## WHAT NEEDS TO BE DONE
Read through the data, and wherever a line holds the word "Gold", write that line out.

## INPUT RECORDS
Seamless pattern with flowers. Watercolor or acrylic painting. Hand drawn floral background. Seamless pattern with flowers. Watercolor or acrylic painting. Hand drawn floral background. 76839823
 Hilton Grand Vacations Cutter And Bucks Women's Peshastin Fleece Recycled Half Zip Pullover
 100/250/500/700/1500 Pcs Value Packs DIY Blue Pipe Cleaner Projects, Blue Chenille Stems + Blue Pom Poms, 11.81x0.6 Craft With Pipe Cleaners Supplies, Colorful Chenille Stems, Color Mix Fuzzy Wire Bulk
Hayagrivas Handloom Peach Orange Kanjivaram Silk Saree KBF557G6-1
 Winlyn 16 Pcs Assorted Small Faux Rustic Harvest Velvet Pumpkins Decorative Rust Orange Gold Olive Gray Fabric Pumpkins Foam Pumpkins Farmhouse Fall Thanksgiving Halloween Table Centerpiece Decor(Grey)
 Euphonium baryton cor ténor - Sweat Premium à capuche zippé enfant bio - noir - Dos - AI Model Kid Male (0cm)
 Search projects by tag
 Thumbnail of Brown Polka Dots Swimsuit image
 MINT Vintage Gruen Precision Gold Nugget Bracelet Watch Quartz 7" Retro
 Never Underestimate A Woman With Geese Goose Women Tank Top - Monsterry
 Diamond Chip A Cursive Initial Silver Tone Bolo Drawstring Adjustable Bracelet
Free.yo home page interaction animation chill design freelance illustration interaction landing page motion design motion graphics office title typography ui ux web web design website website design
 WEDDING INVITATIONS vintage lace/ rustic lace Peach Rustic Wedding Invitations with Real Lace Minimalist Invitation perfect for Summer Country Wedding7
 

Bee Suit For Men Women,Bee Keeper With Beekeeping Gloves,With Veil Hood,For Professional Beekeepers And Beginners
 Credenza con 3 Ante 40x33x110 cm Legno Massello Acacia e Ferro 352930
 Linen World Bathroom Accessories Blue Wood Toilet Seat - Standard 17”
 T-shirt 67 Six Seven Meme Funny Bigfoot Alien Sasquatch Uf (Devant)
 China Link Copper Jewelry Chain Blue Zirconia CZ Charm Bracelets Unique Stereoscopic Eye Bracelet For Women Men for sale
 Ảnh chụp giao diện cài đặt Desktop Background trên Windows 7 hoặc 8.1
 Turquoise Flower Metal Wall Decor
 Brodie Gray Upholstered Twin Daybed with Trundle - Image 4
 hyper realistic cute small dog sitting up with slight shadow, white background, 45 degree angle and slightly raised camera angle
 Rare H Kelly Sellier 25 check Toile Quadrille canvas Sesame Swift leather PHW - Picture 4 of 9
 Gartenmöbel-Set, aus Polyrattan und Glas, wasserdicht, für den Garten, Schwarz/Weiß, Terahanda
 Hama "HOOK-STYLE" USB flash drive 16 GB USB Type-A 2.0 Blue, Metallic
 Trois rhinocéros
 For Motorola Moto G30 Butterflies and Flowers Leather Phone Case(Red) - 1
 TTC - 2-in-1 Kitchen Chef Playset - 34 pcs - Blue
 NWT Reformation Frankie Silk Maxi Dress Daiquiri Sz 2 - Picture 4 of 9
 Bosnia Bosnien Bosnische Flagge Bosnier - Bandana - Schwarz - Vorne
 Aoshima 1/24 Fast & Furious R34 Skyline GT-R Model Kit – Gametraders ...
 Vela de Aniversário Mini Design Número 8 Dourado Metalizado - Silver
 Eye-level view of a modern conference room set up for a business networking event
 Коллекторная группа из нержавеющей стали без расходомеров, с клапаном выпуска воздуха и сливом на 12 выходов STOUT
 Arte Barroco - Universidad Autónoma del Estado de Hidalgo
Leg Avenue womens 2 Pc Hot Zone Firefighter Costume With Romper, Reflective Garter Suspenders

## YOUR RESPONSE
 Winlyn 16 Pcs Assorted Small Faux Rustic Harvest Velvet Pumpkins Decorative Rust Orange Gold Olive Gray Fabric Pumpkins Foam Pumpkins Farmhouse Fall Thanksgiving Halloween Table Centerpiece Decor(Grey)
 MINT Vintage Gruen Precision Gold Nugget Bracelet Watch Quartz 7" Retro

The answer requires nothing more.